Record shredding is a classic method used to transpose rows of potentially nested data into a flattened tree of buffers that can be written to the file. A similar technique, cascaded encoding, has recently emerged, that converts those arrays into a flattened tree of compressed buffers. In this article we explain and connect these ideas, but also explore the impacts of all this shredding on our goal of random access I/O, which leads to new approaches such as reverse shredding.
1. Parallelism without Row Groups
2. APIs and Fusion
3. Backpressure
4. Compression Transparency
5. Column Shredding (this article)
Record Shredding Overview
At the start of our journey we typically have some kind of row-based table, or perhaps it is a stream of events, or maybe a vector of objects. All of these are "row based" structures and they are extremely intuitive to work with and a natural representation of data. This is typically the format that data arrives at our database and the format that data emerges from our database.
Unfortunately, this format is not great for bulk processing or storage. There are a lot of specific reasons for this but the general idea is that we don't typically operate on all of our columns at once. Working with data we don't need has costs (I/O, cache, etc.) As a result, we need to transpose our data from a row-based structure to a column-based structure.

Level 1: Table -> Columns
The first level of transpose is the simplest one. We split the table into columns. If we're lucky to have simplistic data, like a 2D matrix, or a spreadsheet, then this basically completes our journey. However, realistic data is rarely so simple. In fact, you might not even think you have a table. Tables are 2D structures after all and our objects don't feel quite so flat and two dimensional.
My first deep dive into data analysis (an indeterminate number of years ago) dealt with results from a manufacturing test system. Each time a test ran it would generate a test result. The test result had some basic properties (date of test, id & version of device under test, id & version of test equipment, etc.) but also some nested properties. For example, there were various tests that would run and each would run 20 iterations at different test frequencies and we would measure a score for each input frequency.
The answer is, as usual, "it depends". One of the best studies of this problem is the R philosophy of tidy data. If you are struggling with these kinds of questions then I can't recommend that link enough.
For now, let's pretend our test results are in YAML and we receive one row per YAML test result and that looks something like this:
timestamp: 514883700000
dut_sn: "D0N70P3ND34D1N51D3"
dut_version: "123.45"
bench_sn: "5H4K35H4K35H4K35H4K3"
tests:
rise_time:
- frequency: 10
value: 0.3
- frequency: 20
value: 0.5
- frequency: 30
value: 0.2
- frequency: 40
value: 0.45
settling_time:
- frequency: 10
value: 0.4
- frequency: 20
value: 0.6
- frequency: 30
value: 0.3
- frequency: 40
value: 0.55
This YAML document shows a single row of our data in a row-based representation
If we only apply a single level of transpose we get five columns, "timestamp", "dut_sn", "dut_version", "bench_sn", and "tests"
. This last column (tests
) is tricky.
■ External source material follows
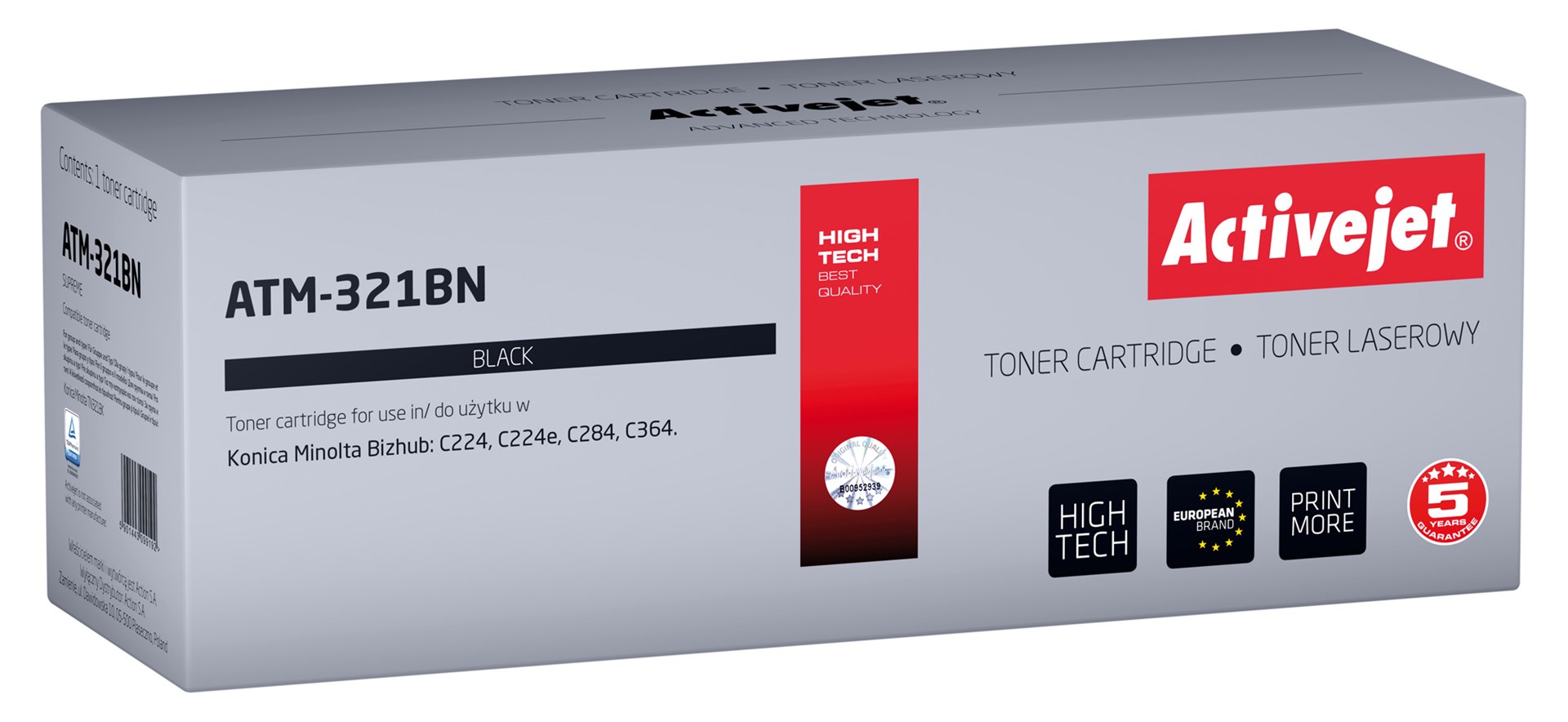 Activejet ATM-321BN Toner (replacement for Konica Minolta TN321K; Supreme; 27.000 pages; black) Activejet ATM-321BN Toner (replacement for Konica Minolta TN321K; Supreme; 27.000 pages; black)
There are multiple columns inside of it and even a nested list of values. One classic strategy to deal with this problem (or, more accurately, not deal with it) is to just convert the "tests" column into a JSON object.

There are several issues with this strategy, but today we're focused on I/O. So let's ignore the JSON encode / decode cost. The main problem is that it still mixes unrelated data into our data of interest. For example, if we want to analyze our rise_time
experiments we still are going to suffer because those values are bunched together with settling_time
. Fortunately, we can do better.
Level 2: Column -> Array
Our first pass gave a rather simple transposition of our data. We are now working with columns and not rows. However, some of these columns are nested columns, and those are basically little rows. We can do better. We can shred.
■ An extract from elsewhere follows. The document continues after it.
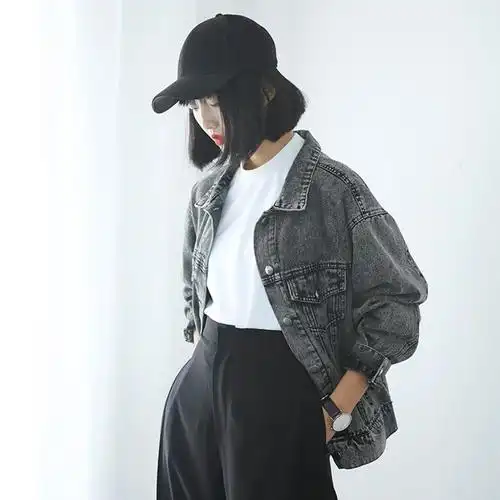 studio fun秋季oversize复古宽松牛仔外套上衣 灰色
At this next level we are going to convert a sequence of columns into a flattened sequence of arrays. To do this we need to look in more detail at the struct array.
Structs
For clarity, by "struct" I am talking about a high level concept, and not any specific language feature. In JSON & YAML we'd call these "objects". In XML we'd call them elements. In Arrow we call them structs. Looking at our above test result example we have tests
which is a struct. It has two child fields rise_time
and settling_time
. To shred this, all we need to do is split out each child array.
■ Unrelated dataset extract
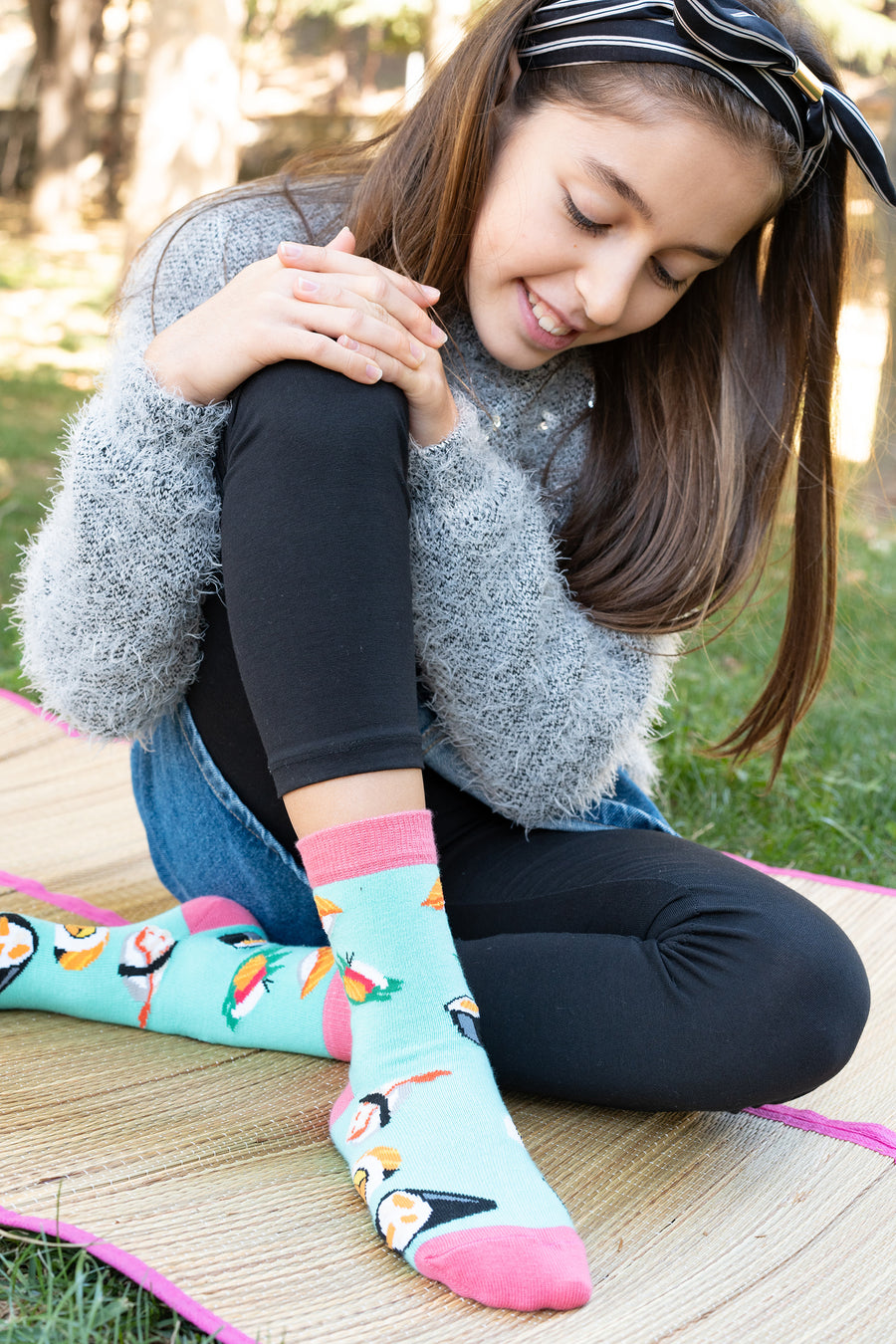 Kids Sushi Time Socks pink and teal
However...there is one small sticking point (isn't there always), which is nullability. Consider the following YAML representation of three points (7, 3), NULL, (NULL, 5)
:
- point:
x: 7
y: 3
- point: null
- point:
x: null
y: 5
The middle point is null
If we just split this into two different arrays we would get:
point.x:
- 7
- null
- null
point.y:
- 3
- null
- 5
The null middle point flows into the children in this version of shredding
But then, when we reassemble this, we could also get:
- point:
x: 7
y: 3
- point:
x: null
y: null
- point:
x: null
y: 5
When we return, the middle point is no longer null because we lost that information
Note that this isn't quite the same as what we started with. Interestingly, the solution to this problem is right about where Arrow, Parquet, and ORC start to diverge. That being said, none of these solutions operate at Level 2, and so there is no real reference solution at this layer. In the interest of fun, let's invent one real quick, sticking with our YAML.
point.x:
- value: 7
- nonvalue: 1
- nonvalue: 0
point.y:
- value: 3
- nonvalue: 1
- value: 5
This value / non-value scheme may look familiar to those with advanced Parquet knowledge. We'll be returning to it with a vengeance in the next blog of this series ;)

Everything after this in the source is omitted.